KLK6/PAR1 Axis Promotes Tumor Growth and Metastasis by Regulating Cross-Talk between Tumor Cells and Macrophages

Round 1

Reviewer 1 Report

* The authors made reasonable efforts to study the KLK6 pathway in the tumor microenvironment but I have some minor issues:

* The abbreviations in the abstract must be defined in their first mention.

* Please, write about CXCL1 and TNF-α in your introduction and their role in the tumor environment with their definition in the first mention. 

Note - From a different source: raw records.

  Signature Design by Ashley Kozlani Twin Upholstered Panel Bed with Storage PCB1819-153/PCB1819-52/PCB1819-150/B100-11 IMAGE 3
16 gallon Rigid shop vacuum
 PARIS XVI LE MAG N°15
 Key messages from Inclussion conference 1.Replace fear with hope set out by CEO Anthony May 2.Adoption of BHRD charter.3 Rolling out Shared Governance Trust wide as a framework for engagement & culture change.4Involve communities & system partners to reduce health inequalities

* In the material and methods section, please, mention all the catalog numbers for all used kits and instruments.

* Line 96: exchange mouse cancer cell lines with melanoma cell lines.

* Line 169: Please, mention the used antibodies and mention more details about the used technique. 

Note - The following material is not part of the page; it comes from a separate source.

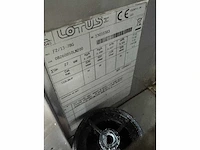 Lotus - dubbele gasfriteuse gaskookplaat - f2/13-78g - keuken - afbeelding 5 van  13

* I want to suggest the addition of Caspase 3,  Ki67, and VEGF measurement to the western blot of knockout mice to measure the tumor aggressiveness. 

 

Author Response

The authors made reasonable efforts to study the KLK6 pathway in the tumor microenvironment but I have some minor issues:

Response: We thank reviewer 1 for his/her careful and comprehensive evaluation of our manuscript. We have addressed the concerns suggested by the reviewer and modified the manuscript accordingly. The modified manuscript was highlighted in red. The point-by-point answers to each reviewer’s comments are described below.

 

1. The abbreviations in the abstract must be defined in their first mention.

Response : We thank the reviewer for making us aware of our error. We have defined abbreviations in the abstract.

 

2. Please, write about CXCL1 and TNF-α in your introduction and their role in the tumor environment with their definition in the first mention.

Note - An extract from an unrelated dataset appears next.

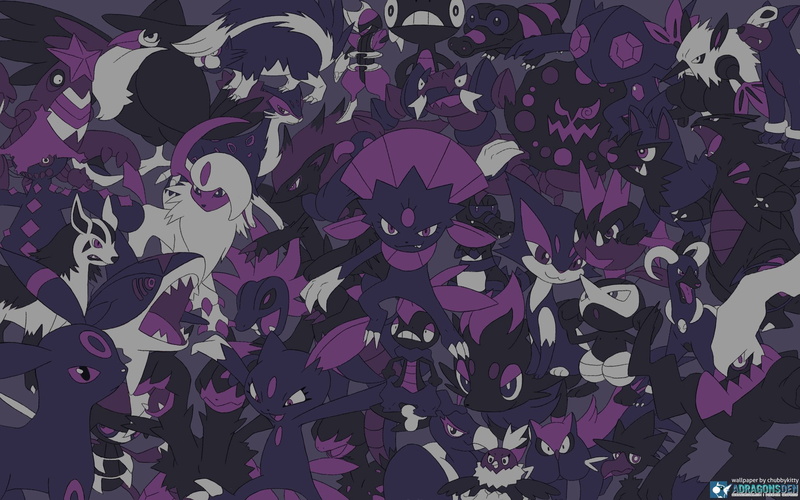 Houndoom (Pokémon), Nuzleaf (Pokémon), Zoroark (Pokémon), Bisharp (Pokémon), Hydreigon (Pokémon), Vullaby (Pokémon), Deino (Pokémon), Tyranitar (Pokémon)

Response : As the reviewer suggested, we added additional information about CXCL1 and TNF-α in the introduction section on page 2.

 

3. In the material and methods section, please, mention all the catalog numbers for all used kits and instruments.

Response : As a reviewer’s comment, we have added all the catalog numbers for all used kits and instruments in the materials and methods section on pages 2 and 3

 

4. * Line 96: exchange mouse cancer cell lines with melanoma cell lines.

  * Line 169: Please, mention the used antibodies and mention more details about the used technique.

Response : As a reviewer’s comment, we have exchanged melanoma cell lines and added more details about the used antibodies and technique in the material and methods section on pages 2-5.

 

5. I want to suggest the addition of Caspase 3, Ki67 and VEGF measurement to the western blot of knockout mice to measure the tumor aggressiveness.

Response : We thank the reviewer for the valuable suggestion. We have shown the protein level of caspase 3, Ki67, and VEGF in tumor tissues from WT and KLK6 knockout mice (Figure S2). We have described the result on page 5.

Reviewer 2 Report

In this study the authors show the role of KLK6/PAR1 axis in tumour growth through macrophages-derived TNFα signalling. Using in vivo xenograft models and in vitro tumour-macrophage co-culture model, they show KLK6 knockout mice have slower tumour growth and metastasis. They also show KLK6 promotes TNFα secretion from macrophages via PAR1 in an autocrine manner as well as CXCL1 secretion from tumour cells. They finally prove that inhibition of PAR1 activity could rescue rKLK6 mediated tumour growth in vivo. 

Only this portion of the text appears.